William Boyd’s new spy novel is full of JFK conspiracy theories
“I’m just a patsy,” claimed Lee Harvey Oswald, President John F Kennedy’s killer, on November 22, 1963. It was a phrase that launched a thousand conspiracy theories, helped by the fact that Oswald never had to flesh out his argument since he was murdered on live television two days later.
Oswald is not a character in William Boyd’s latest Cold War thriller, but his words seem to reverberate in the plot, which takes place in that same fateful year in 1963. For the novel’s hero, Gabriel Dax, a 33-year-old English travel writer turned spy for MI6, “I’m just a patsy” is less a desperate excuse and more of a sickening realisation.
“He felt like some sort of indentured servant — wash the dishes in the scullery and then mop the floors upstairs,” Dax thinks after receiving orders from Faith Green, his bewitching handler. He would rather be off writing a florid book about the world’s great rivers, yet here he is interviewing foreign dignitaries and relaying secret messages for purposes he can only dimly comprehend.
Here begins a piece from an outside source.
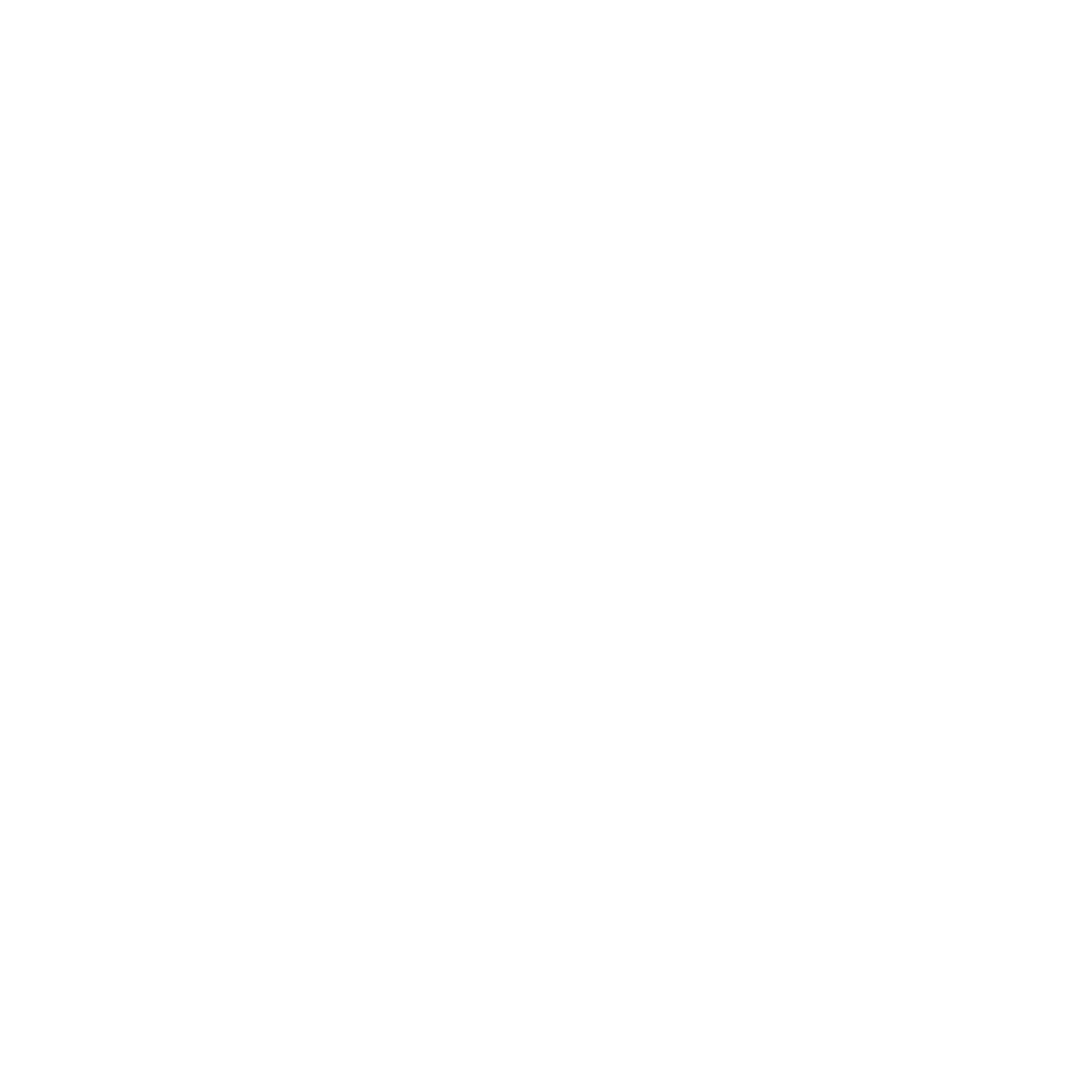 HealthySC.org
Dax’s adventures are comfortingly retro with their Sixties world of telegrams and payphones, femmes fatales and hefty book advances, and fortified by near-constant drinking and smoking. Boyd also adds a grimy comic edge, perhaps inspired by the flatulent imagination of Mick Herron in his Slow Horses series; here, agents take their target practice lessons on a chicken farm in Leyton, while a hardback travel guide becomes a bludgeon in a pinch.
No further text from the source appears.